I am using Bayesian probability. In my case, I have an empirical prior probability to use in calculating the posterior probability. But this isn’t the subjective way of doing it, I believe. If I didn’t have any prior empirical information, how could I estimate the prior probability?
If you have no strong prior beliefs or assumptions, you can use non-informative priors, which don't impose strong structure or constraints. Rather, they try to express ignorance about the parameters in a principled way. The Jeffreys prior and reference priors are prominent examples. Very general constraints may be imposed (for example, that particular parameters must be non-negative). Non-informative priors are useful when 'stronger' priors would unjustifiably favor some hypotheses in a way that's inconsistent with your actual (lack of) knowledge/beliefs. Along similar lines, see principles of indifference and maximum entropy. Because non-informative priors express a large degree of ignorance about the parameters, the posterior distribution will generally be influenced more strongly by the likelihood function. For more information, see:
Kass and Wasserman (1996). The selection of prior distributions by formal rules.
If you have stronger prior knowledge/beliefs about the system you're modeling (e.g. domain knowledge, previous findings), you can use an informative prior. Your beliefs may not completely specify a full distribution. For example, you might have a notion that certain parameter ranges are more probable, but do your beliefs correspond precisely to some particular parametric form (e.g. a normal distribution, gamma distribution, etc.)?
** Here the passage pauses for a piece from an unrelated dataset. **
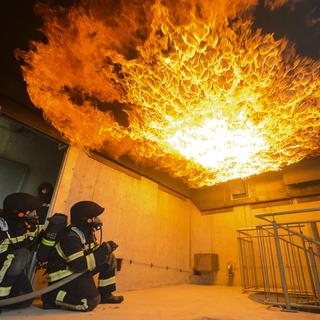 Des pompiers volontaires dans le nouveau simulateur incendie du centre de formation de la Rama dans le canton de Vaud. [Keystone - Laurent Gillieron]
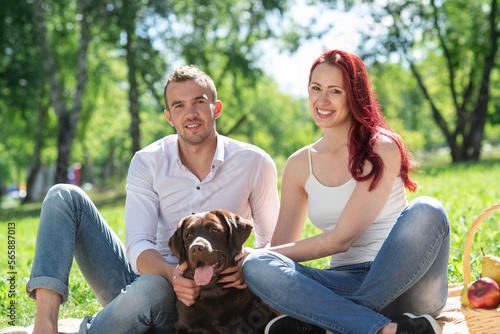 Couple with a dog in the park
In practice, the choice of prior will reflect some combination of satisfying your (perhaps incomplete) beliefs, convention, and computational convenience.
You can distill knowledge from domain experts into a prior distribution. This is called 'prior elicitation' (e.g. see discusssion here). The general approach is to ask a series of questions to extract the experts' knowledge/beliefs, then use the answers to construct a prior distribution.
In my case, I have an empirical prior probability to use in calculating the posterior probability. But this isn’t the subjective way of doing it, I believe.
On the contrary. The 'subjective way of doing it' is to ask what information you want to assume and then construct a prior accordingly. If you're happy to make exchangeability judgements about cases, then that implies some distributional constraints on the prior (see multi-level models). If you have a known constraint e.g. you think some quantity should have a finite variance, without knowing what that variance is, (or even that some quantities should add up to 7), then that implies other distributional constraints (see maximum entropy). If you have historical data, better yet; this may help to pin down some of the parameters for the distributions implied by the previous information.
None of this is required, not least because the subject presupposed by a subjective prior need not be you. However, in ordinary situations you would not want to build a prior around the beliefs of the sort of subject that would, for example, ignore historical evidence. So you'd usually take the historical information into account. What makes the constructed prior 'subjective' is that it could be informed by more than that historical data.
If I didn’t have any prior empirical information, how could I estimate the prior probability?
Neither you, nor anyone else, are ever in this situation, so it doesn't matter.